• GOAL OF THE EXERCISE: Transcribe all the entries word for word, skipping the pictures.

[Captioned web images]
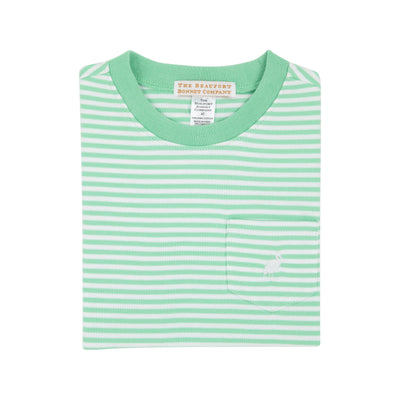 Grace Bay Green Stripe Carter Crewneck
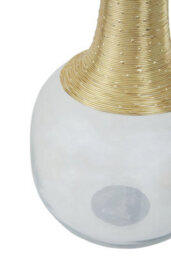 Orsina Glynn Glass And Gold Large Vase - thumbnail 4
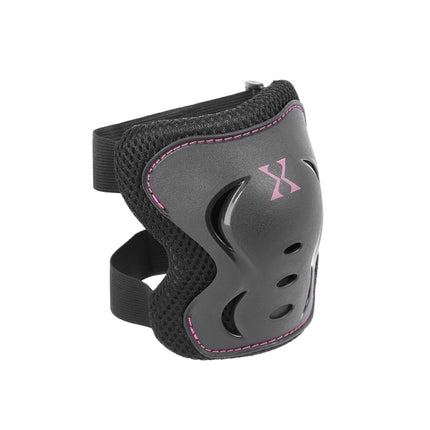Sada chráničů, velikost XL, černo-růžová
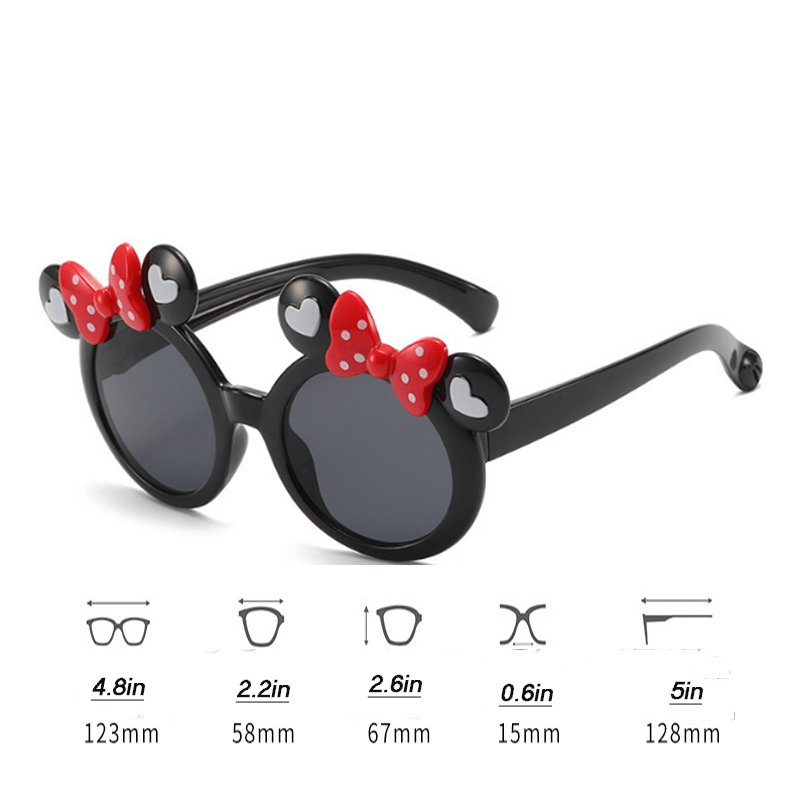 Mouse Ear Sunglasses for Toddler Kids UV400
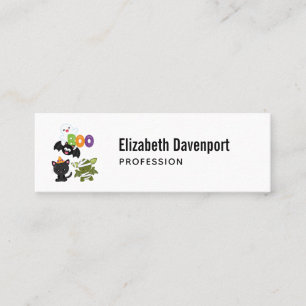 Carte De Visite Mini Chat de Cute Halloween, bat, mummy et ghost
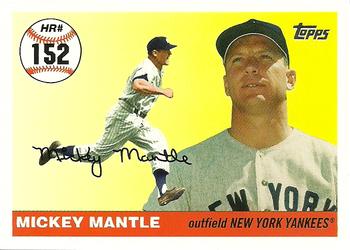 2006 Topps Updates & Highlights - Mickey Mantle Home Run History #MHR152 Mickey Mantle Front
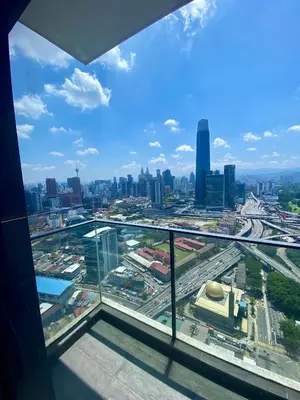 a view of the city from the top of a building at TOP FLOOR 3BR apartment in KL for 6Pax in Kuala Lumpur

• ANSWER:
 Grace Bay Green Stripe Carter Crewneck
 Orsina Glynn Glass And Gold Large Vase - thumbnail 4
Sada chráničů, velikost XL, černo-růžová
 Mouse Ear Sunglasses for Toddler Kids UV400
 Carte De Visite Mini Chat de Cute Halloween, bat, mummy et ghost
 2006 Topps Updates & Highlights - Mickey Mantle Home Run History #MHR152 Mickey Mantle Front
 a view of the city from the top of a building at TOP FLOOR 3BR apartment in KL for 6Pax in Kuala Lumpur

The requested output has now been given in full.